- Work item -
Exclude the pictures, then quote exactly the lines from the one holding "6 Monroe Avenue" through the last line of the records.

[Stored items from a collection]
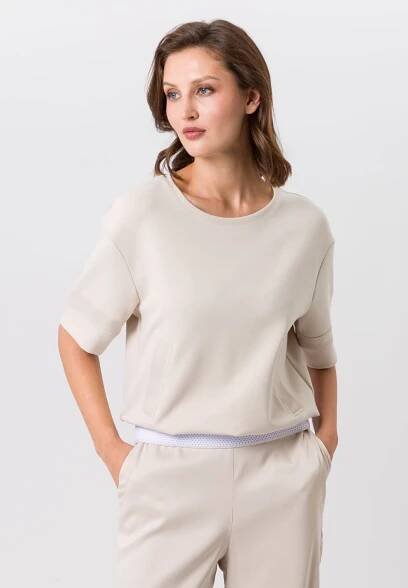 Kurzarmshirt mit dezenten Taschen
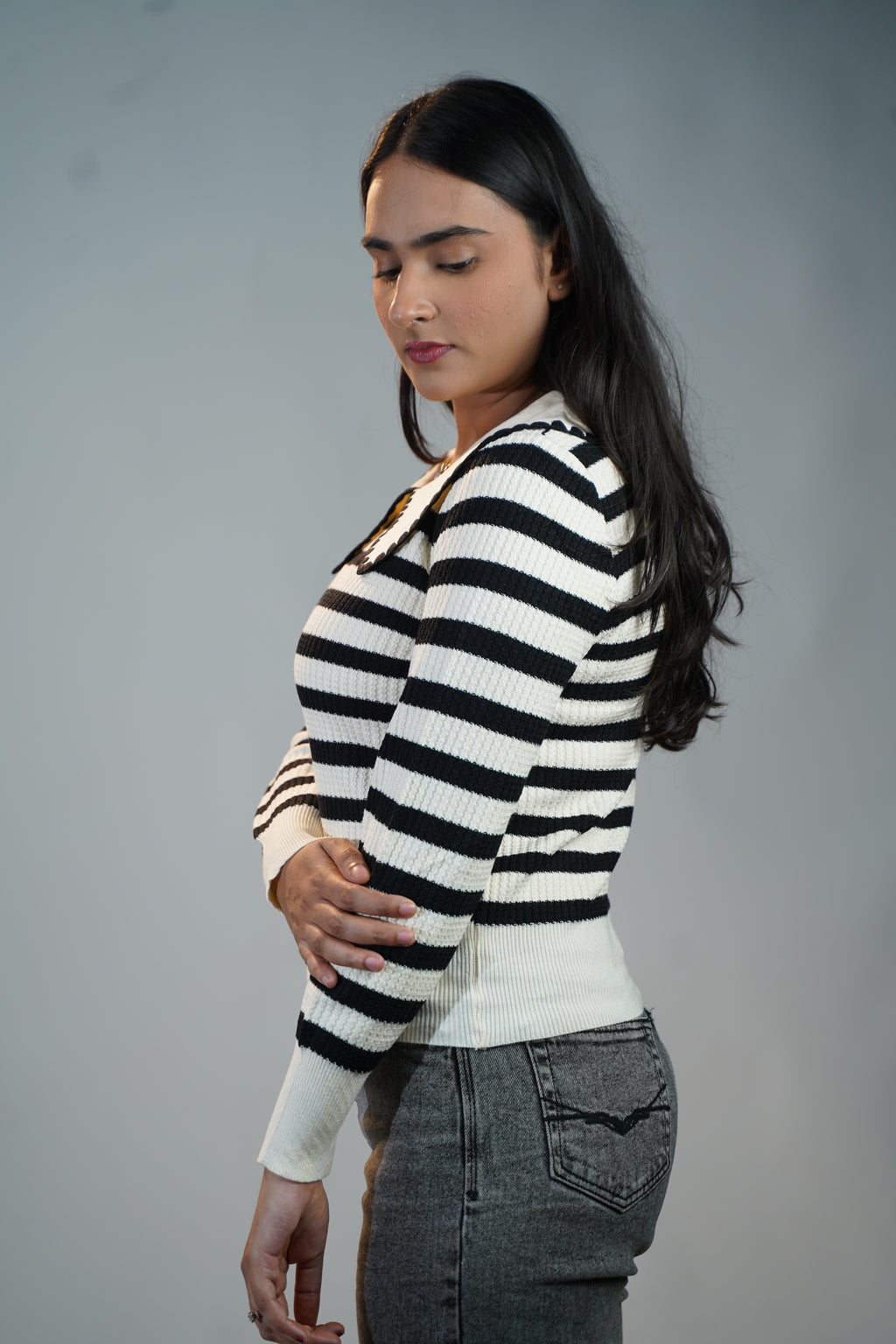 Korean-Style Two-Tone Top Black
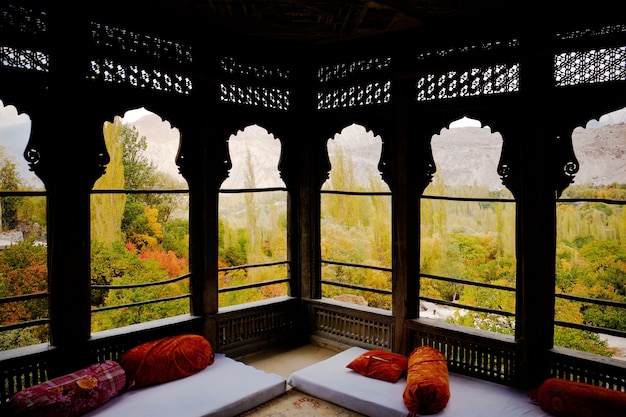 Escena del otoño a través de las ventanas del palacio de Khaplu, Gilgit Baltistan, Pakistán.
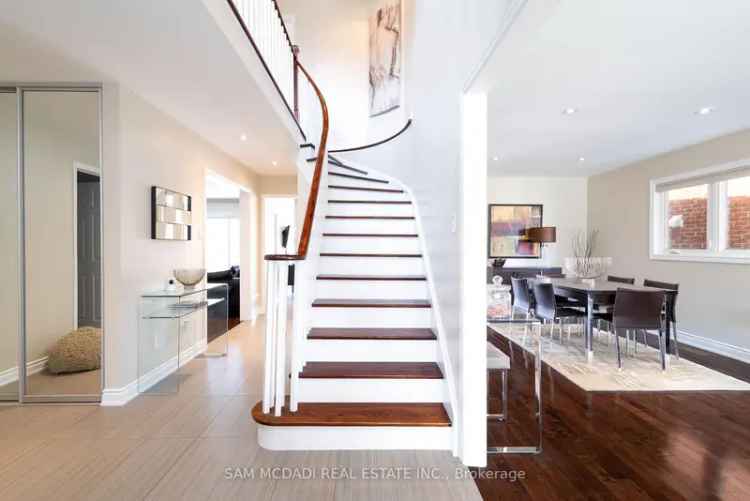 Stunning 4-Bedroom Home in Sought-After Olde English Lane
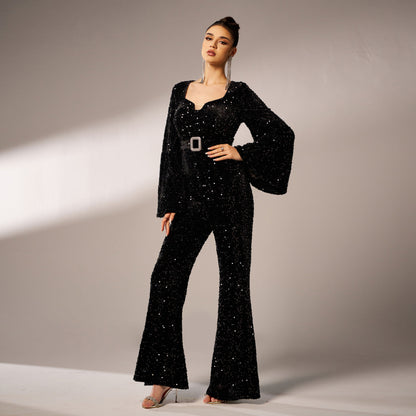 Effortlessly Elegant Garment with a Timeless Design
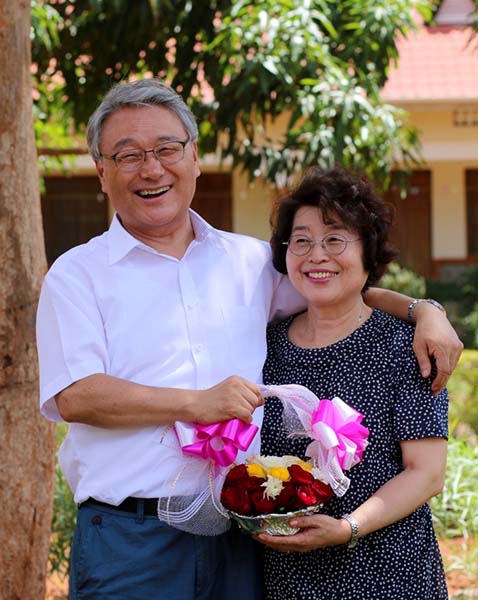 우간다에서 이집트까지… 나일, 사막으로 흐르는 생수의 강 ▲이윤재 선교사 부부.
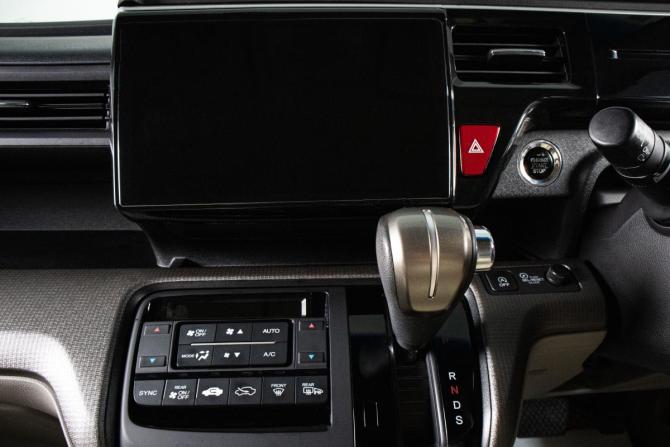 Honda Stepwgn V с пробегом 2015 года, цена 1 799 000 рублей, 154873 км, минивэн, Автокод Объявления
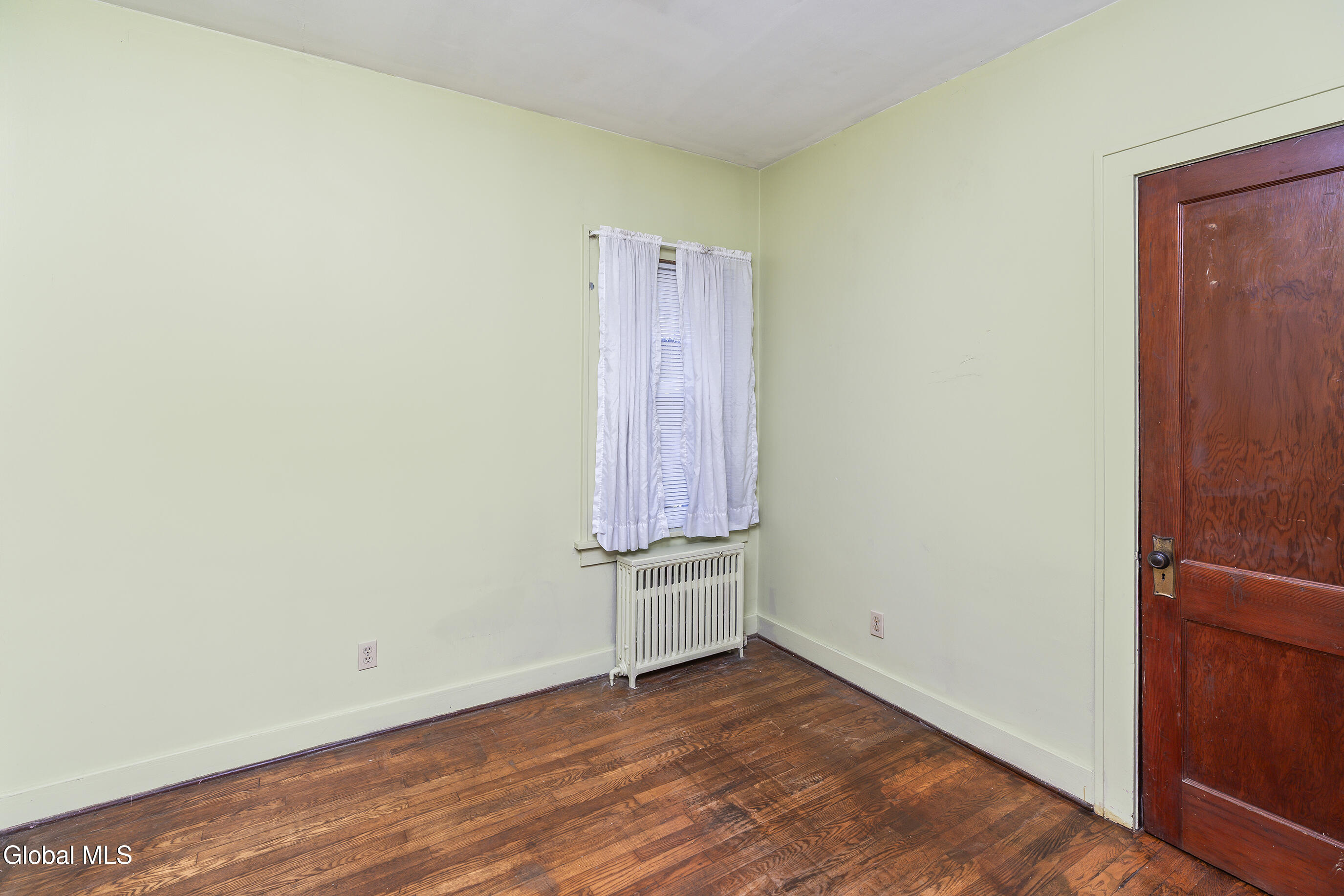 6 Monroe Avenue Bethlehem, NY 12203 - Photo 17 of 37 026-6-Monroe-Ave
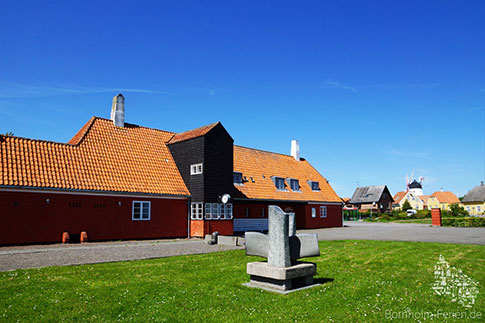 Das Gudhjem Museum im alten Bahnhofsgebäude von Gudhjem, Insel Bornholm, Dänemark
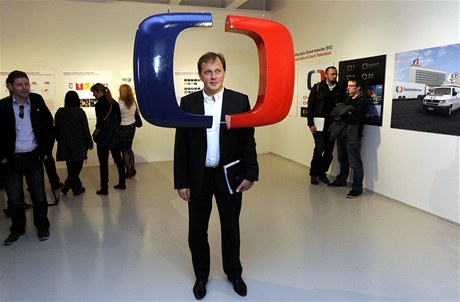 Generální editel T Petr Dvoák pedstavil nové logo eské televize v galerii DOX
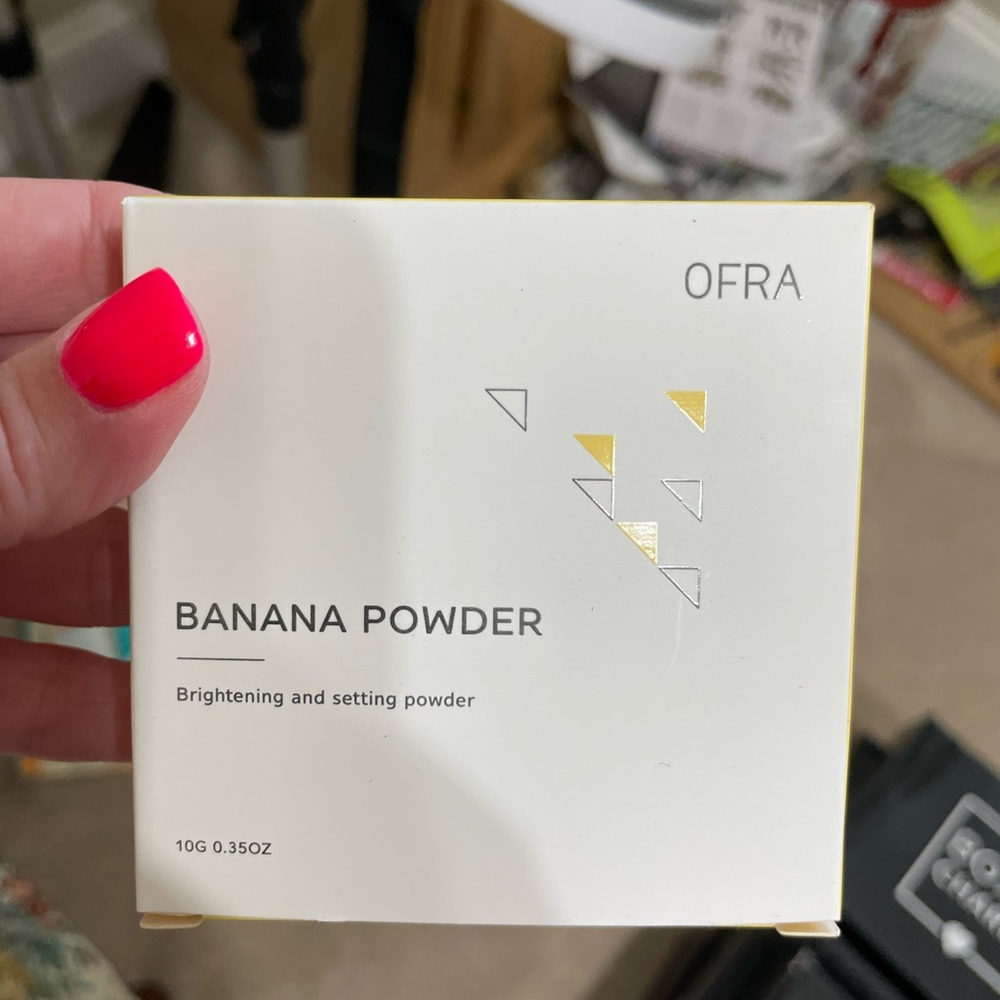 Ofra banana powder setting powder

- Task response -
 6 Monroe Avenue Bethlehem, NY 12203 - Photo 17 of 37 026-6-Monroe-Ave
 Das Gudhjem Museum im alten Bahnhofsgebäude von Gudhjem, Insel Bornholm, Dänemark
 Generální editel T Petr Dvoák pedstavil nové logo eské televize v galerii DOX
 Ofra banana powder setting powder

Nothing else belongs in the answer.